Greenbanks by Dorothy Whipple. Written in 1932, this was Whipple’s second published novel, and the third I’ve now read.
They Knew Mr. Knight (1934) and Because of the Lockwoods (1949) were highly enjoyable, if slightly melodramatic, but Greenbanks was something on a different level.

Greenbanks by Dorothy Whipple. Not my own copy – mine is a lovely grey Persephone – but borrowed shamelessly from the internet (thank you, Milady’s Boudoir) for the sake of the glowing cover blurb by Hugh Walpole.

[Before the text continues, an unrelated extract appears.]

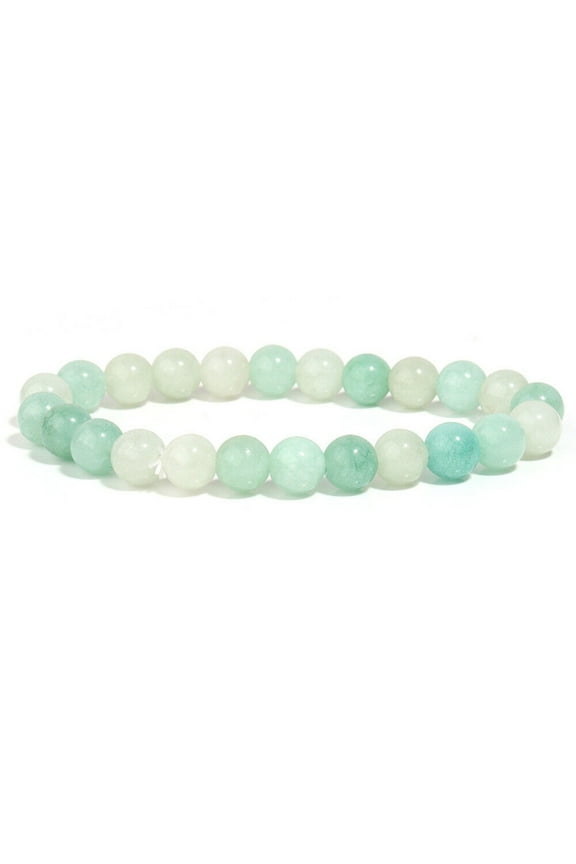 Mint Green Natural Stone Beaded Bracelet Adjustable Closure Minimalist Dainty Jewelry Everyday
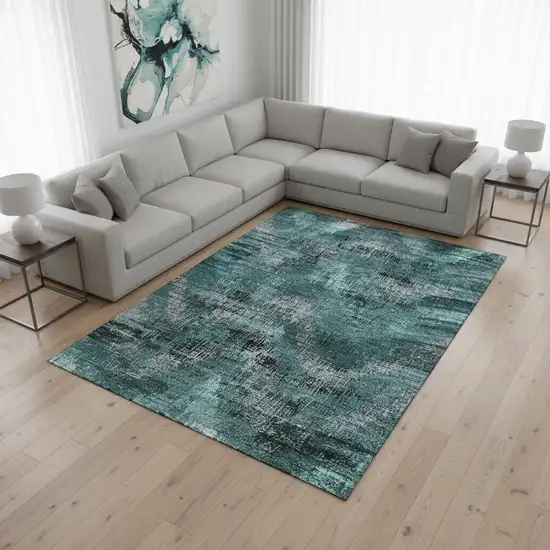 Fern Green And Charcoal Abstract Washable Area Rug With UV Protection Photo 2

Ostensibly a sedate family saga, it evolves into a deeply convincing manifesto on the rights of women to self-determination and social, educational, financial and sexual equality. Set in the decades before, during, and immediately after the Great War, centre stage is shared between a family matron and her granddaughter, representatives of the old world and the new, with sporadic but telling secondary roles played by the adult children of the household, their various spouses, lovers, friends and acquaintances.
The ending was unexpected, and deeply satisfying in its blunt refusal to neaten things up in a conventional way; it shocked me because I’d rather expected Whipple to manufacture an eleventh-hour cluster of pleasantly innocuous solutions to its most pressing dilemmas, and she didn’t go there at all. And it worked.
I am starting to see why Persephone Press is so dead keen on this writer; those first two books piqued my interest but this third one has given rise to real enthusiasm.
If you’re already a Dorothy Whipple person – and I know many of you are – I’d be most pleased to hear your personal opinions on Greenbanks as it stands in her body of work. Is this as good as she gets? Or am I in for some more unexpected readerly surprises?
Someone at a Distance is here on the shelf; it came in the package with Greenbanks just the other day and I am torn between diving right in, and, alternatively, allowing myself some cooling off time, because I’m still processing the deeper nuances of the book I’ve just devoured with such paradoxically reluctant speed.
It’s time to choose my evening’s reading-in-bed book, and I am at a loss at what to attempt, not wanting to diminish the mood. I’m thinking Elizabeth Cambridge, or maybe Rose Macaulay, or perhaps even a return to one of the previously-read Whipples, sure to be well sauced with the piquancy of this fresh appreciation.
The “Whipple Line”, indeed! Virago, hang your metaphorical head in shame!